Recently, the Economic Affairs Committee said it was doing an investigation into Universal Credit. It wanted claimants to email it with their stories. But now, the National Audit Office (NAO) is getting involved. And potentially, every claimant in the UK could have their say.
Another Universal Credit probe
The NAO want people to complete a survey on the benefit. It’s doing a consultation:
Have you claimed #UniversalCredit or work for an organisation that supports claimants?
We’re conducting a study on Universal Credit – examining the process of making a claim and getting to first payment.
Please share your experiences here 👉 https://t.co/6efbcEvfiv pic.twitter.com/8MdoqEgJ9p
— National Audit Office (@NAOorguk) January 31, 2020
As the NAO wrote:
This consultation is aimed at organisations who represent or provide services to the UC claimants, and individual members of the public with experience of claiming UC.
We will use the information gathered to help us understand the perspectives of claimants and organisations that support them.
It is specifically looking into the five-week wait for a first payment. It’s no shock that the NAO is doing this. Because the five-week wait has been marred by scandal.
Repeated scandal
The Trussell Trust has been critical of how the DWP makes claimants wait for their first payment. It noted:
a 52% average increase in food bank use in areas that have had Universal Credit for at least 12 months compared to 13% in areas that have not.
But it went further, saying that:
the five week wait is one of the key reasons why we’ve seen a rise in people needing food banks where it has been rolled out.
Moreover, in 2018 the NAO previously looked at the five-week wait. It said:
nearly 60% of new claimants (around 56,000 a month) receive a Universal Credit advance to help them manage before receiving their first payment.
And that’s just the tip of the iceberg.
Utter chaos
The Joseph Rowntree Foundation (JRF) estimates that, under Universal Credit:
5.1 million people in working families are expected to see a reduction in income.
It also says that:
1.7 million people living in poverty in working families… face a substantial reduction in income, on average £2,500 a year.
And, as BBC News reported, by August 2019 54% of landlords had seen tenants on the benefit fall into arrears in the last year. As The Canary‘s Fréa Lockley reported, the benefit could well be driving rising homelessness.
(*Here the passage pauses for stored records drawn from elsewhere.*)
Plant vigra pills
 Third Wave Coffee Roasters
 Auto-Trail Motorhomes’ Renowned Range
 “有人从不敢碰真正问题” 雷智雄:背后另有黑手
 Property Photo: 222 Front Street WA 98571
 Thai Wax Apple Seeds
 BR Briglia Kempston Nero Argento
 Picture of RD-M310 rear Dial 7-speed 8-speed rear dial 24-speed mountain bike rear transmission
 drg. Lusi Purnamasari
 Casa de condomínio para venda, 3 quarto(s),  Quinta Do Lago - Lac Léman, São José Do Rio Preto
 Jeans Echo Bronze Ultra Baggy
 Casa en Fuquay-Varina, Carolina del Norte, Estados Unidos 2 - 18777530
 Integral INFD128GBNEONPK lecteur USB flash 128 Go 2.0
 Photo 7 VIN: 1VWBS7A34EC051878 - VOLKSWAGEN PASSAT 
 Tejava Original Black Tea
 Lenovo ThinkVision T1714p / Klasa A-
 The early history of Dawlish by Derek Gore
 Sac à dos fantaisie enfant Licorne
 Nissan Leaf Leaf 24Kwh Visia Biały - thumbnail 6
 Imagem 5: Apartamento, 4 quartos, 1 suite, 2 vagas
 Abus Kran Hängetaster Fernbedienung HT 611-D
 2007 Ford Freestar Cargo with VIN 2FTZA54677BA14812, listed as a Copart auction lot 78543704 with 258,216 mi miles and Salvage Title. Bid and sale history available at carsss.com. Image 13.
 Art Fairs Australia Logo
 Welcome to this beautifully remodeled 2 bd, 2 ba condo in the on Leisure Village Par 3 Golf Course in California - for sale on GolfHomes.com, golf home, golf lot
So, the NAO’s new probe into Universal Credit may throw up some telling results.
A welcome move?
Campaign group BENEFITS NEWS welcomed the NAO survey:
https://twitter.com/BENEFITS_NEWS/status/1224393743895343104
But will the DWP listen? Possibly not, as it already knows that Universal Credit is causing severe hardship. As The Canary reported in 2018, its own survey of claimants found that only 25% of them said they were “keeping up with bills… without any difficulties”. In total, 72% either struggled from “time to time”, struggled constantly, fell behind, or were having “real financial difficulties”.
So, it remains to be seen what impact the NAO’s probe will have. But any chance for claimants to have their voices heard is a good thing. And the more pressure people and organisations apply to the DWP, the better.